God only helps those who help themselves. It’s a popular phrase, and many people seem to think that it is from the pages of the Bible. Fortunately, that is far from the truth.
Yes, when it comes to work and such the Bible commands us to have a good work ethic, to not be lazy, and to not intentionally burden others if we are capable of working. When it comes to our salvation, Paul even wrote the phrase: Work out your salvation in fear and trembling; but he preceded that with: He who began a good work in you will bring it completion; and followed it with: for it is God who works in you (Philippians 1:6, 2:12-13).
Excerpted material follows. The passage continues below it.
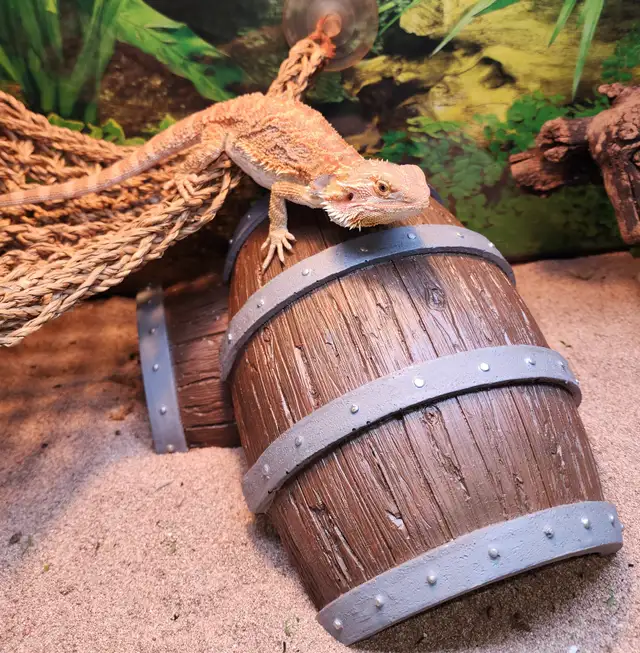 dragon barbu rouge hypo - Photo 3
What we find as foundational throughout scripture, indeed the very reason why God sent Jesus to live and die for us, is that God delights in helping those who cannot help themselves. This is grace—freely bestowed, unearned favor; God’s ultimate “helping hand.”
And so it is that God calls his people to pursue social justice. He calls us to seek to help those who either can’t help themselves or who are oppressed by others and therefore unable to have their voice be heard.
Yes, the church as God’s people must be about more than social justice. There is a greater need at the core which we must address. Every person in the world has a sin problem. Each of us enter into life as natural born rebels. We reject God and his word, instead opting to create our own god who wouldn’t dare judge us (at least not judge those things we think make us happy). But the wages of sin is death. Death in sin results in eternal hell—the wrath of a perfectly good and just God against his enemies who have rejected him.
No amount of creating idols for ourselves will rescue us from this fate.
Yet, God gave us Jesus, our hope and our rescue. In Isaiah 1:18, God calls out, “Come now, let us reason together, says the Lord: though your sins are like scarlet, they shall be as white as snow; though they are like crimson, they shall become like wool.” This stain of sin is washed away through Jesus, the one who bore “our griefs and carried our sorrows…pierced for our transgressions [and] crushed for our iniquities” (53:4-5).
Abandoning our commitments to a life of self-seeking and self-satisfaction through sin, and believing in and following Jesus brings us true life and salvation from sin.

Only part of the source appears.